Ad Avellino cresce la preoccupazione per una spirale di violenza che sembra ormai fuori controllo. In appena due giorni, Piazza Kennedy – cuore pulsante della città – è stata teatro di due gravi aggressioni, mentre appena tre giorni fa un altro episodio violento si è verificato lungo il centralissimo Corso Vittorio Emanuele.

Un’escalation che ha messo in allarme residenti e commercianti, sempre più stanchi di convivere con episodi che minano la tranquillità e la sicurezza urbana.
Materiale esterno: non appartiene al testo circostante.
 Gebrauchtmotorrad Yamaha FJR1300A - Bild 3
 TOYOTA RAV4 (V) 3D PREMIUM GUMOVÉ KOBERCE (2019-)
Piazza Kennedy, una zona strategica per la mobilità e gli spostamenti, rischia di trasformarsi in una zona a rischio, frequentata da gruppi che spesso si lasciano andare a comportamenti aggressivi, con scarsa o nulla percezione della presenza delle istituzioni.

La cittadinanza è esasperata: i messaggi che arrivano da chi vive e lavora in centro parlano di paura, rassegnazione e richiesta di aiuto. Non si tratta più di episodi isolati, ma di una tendenza che, se non fermata, rischia di trasformare Avellino in una città insicura, dove il senso civico cede il passo all’intimidazione e alla prepotenza.

È indispensabile un intervento immediato. Servono più controlli, maggiore presenza delle forze dell’ordine, e – soprattutto – una strategia efficace e coordinata di prevenzione. Non bastano le dichiarazioni di facciata: servono azioni concrete, perché la sicurezza non è un tema da trattare solo dopo l’ennesimo episodio di violenza.

Avellino non può abituarsi alla paura. I cittadini chiedono risposte, e le chiedono adesso. Ignorare il problema significherebbe lasciare spazio all’illegalità e all’insicurezza, con conseguenze gravi per la vivibilità dell’intero territorio urbano.